▶ **Exercise**
Please return the full listing exactly as written, with the images removed.

▶ **Available data**

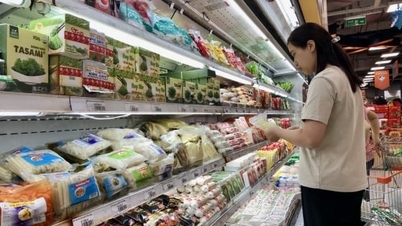 Jsou nutná naléhavá opatření ke zmírnění následků přírodních katastrof a obnovení výroby a obchodních aktivit.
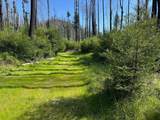 4605 Last Chance Rd - Photo 5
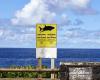 Reunión. La aparición de un tiburón provoca una evacuación en plena competición de surf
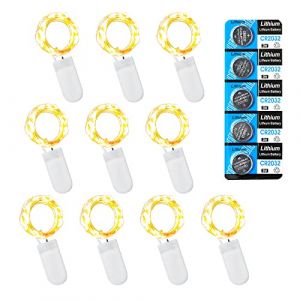 LEECOCO Lot de 10 Guirlandes Lumineuses à Piles, 1m 10 LEDs Blanc Chaud Haute Luminosité Mini LED, Idéales pour Vacances, Mariage, Fête, (10 Pack 1m 10 LEDs,Blanc Chaud) (LEECOCO STORE, neuf)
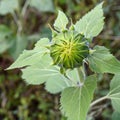 A close-up view of an unopened sunflower bud in a field Royalty Free Stock Photo
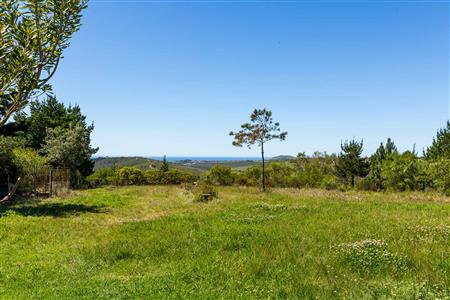 False - Farm Unavailable in Roodefontein AH, Plettenberg Bay Rural, Plettenberg Bay, Western Cape - M125107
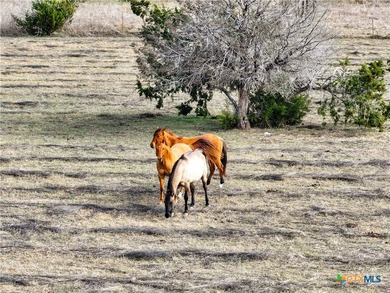 Prime Commercial Acreage located on high traffic FM 2484 and - photo 20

▶ **Output for this task**
 Jsou nutná naléhavá opatření ke zmírnění následků přírodních katastrof a obnovení výroby a obchodních aktivit.
 4605 Last Chance Rd - Photo 5
 Reunión. La aparición de un tiburón provoca una evacuación en plena competición de surf
 LEECOCO Lot de 10 Guirlandes Lumineuses à Piles, 1m 10 LEDs Blanc Chaud Haute Luminosité Mini LED, Idéales pour Vacances, Mariage, Fête, (10 Pack 1m 10 LEDs,Blanc Chaud) (LEECOCO STORE, neuf)
 A close-up view of an unopened sunflower bud in a field Royalty Free Stock Photo
 False - Farm Unavailable in Roodefontein AH, Plettenberg Bay Rural, Plettenberg Bay, Western Cape - M125107
 Prime Commercial Acreage located on high traffic FM 2484 and - photo 20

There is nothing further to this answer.